University of Virginia researcher focuses on role of immune cell subsets in chronic inflammatory diseases
Junior Investigator Hema Kothari, PhD, is one of many researchers who have been able to pivot their research to study mechanisms that influence the risk of severe COVID-19 progression. Dr. Kothari is a Research Assistant Professor in Dr. Coleen McNamara’s lab at the University of Virginia (UVA) in Charlottesville and focuses on understanding the role of immune cell subsets in cardiovascular disease and other chronic inflammatory diseases.

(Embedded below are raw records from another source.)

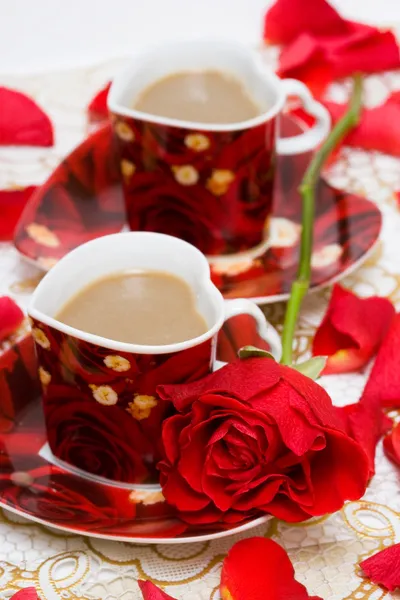 赤いカップのコーヒーとバラ — ストック写真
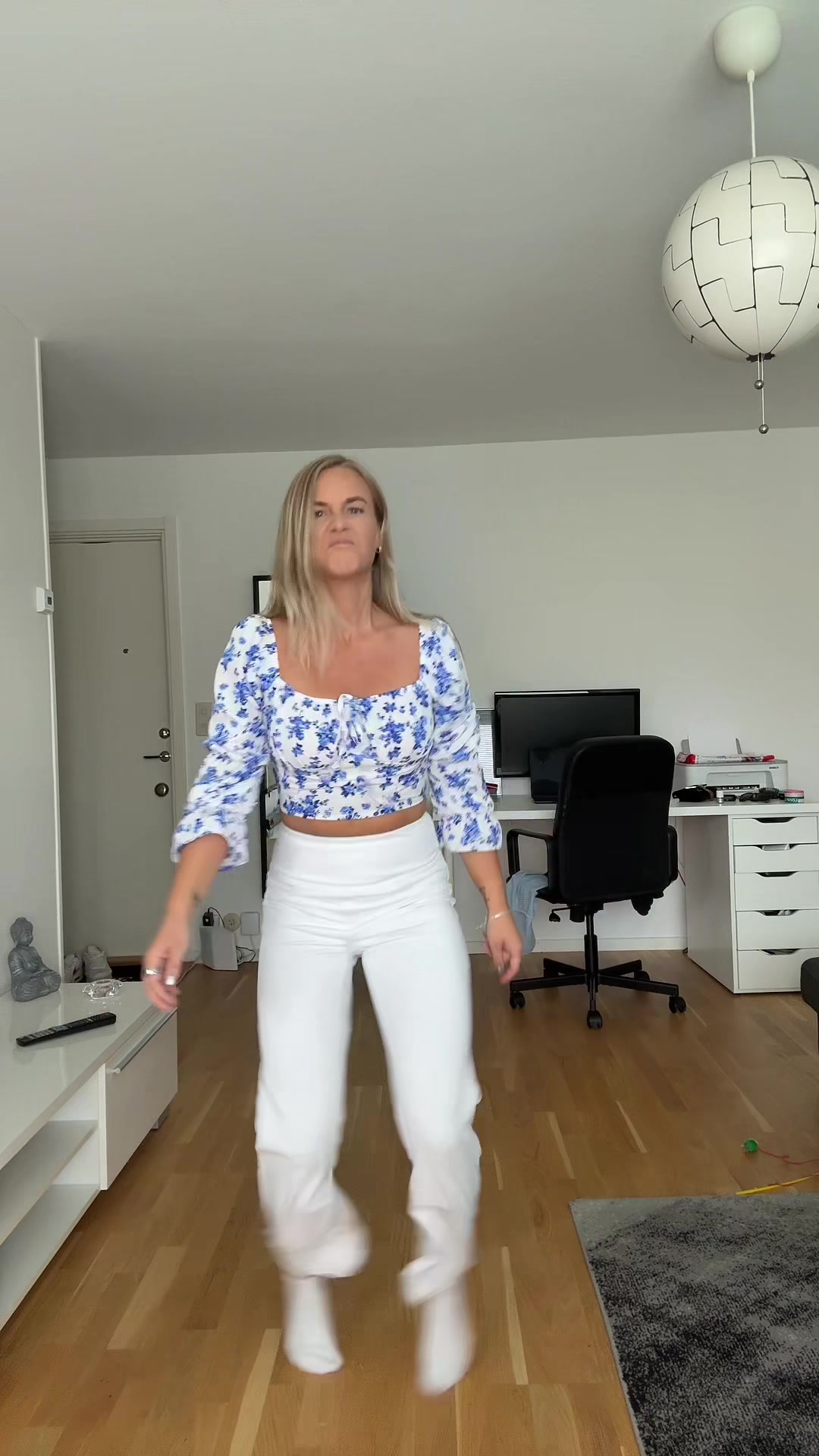@MIAZ (Mia Emelia)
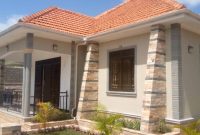 4 bedroom house for sale in Bweya Kajjansi at 370m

In an effort to develop approaches that better enable personalized treatments for immunomodulatory and anti-inflammatory therapies, the lab created a mass cytometry-based pipeline for in-depth analysis of human peripheral blood mononuclear cells (PBMC) to identify specific immune phenotypes that associate with disease severity and response to therapy. Work is ongoing using these customized panels and study populations including subjects with rheumatoid arthritis, coronary artery disease and other inflammatory illnesses.
Recently, IL-1β, a proinflammatory cytokine investigated by Kothari, has emerged as a key mediator of the cytokine storm linked to high morbidity and mortality from COVID-19. In addition, blocking the IL-1 receptor with anakinra has entered clinical trials in COVID-19 patients.
Upon the realization that her current study could easily translate to and possibly accelerate COVID-19 research, Kothari refocused her efforts on the specific immune cell subsets targeted by IL-1β and IL-1β-induced signaling pathways in humans.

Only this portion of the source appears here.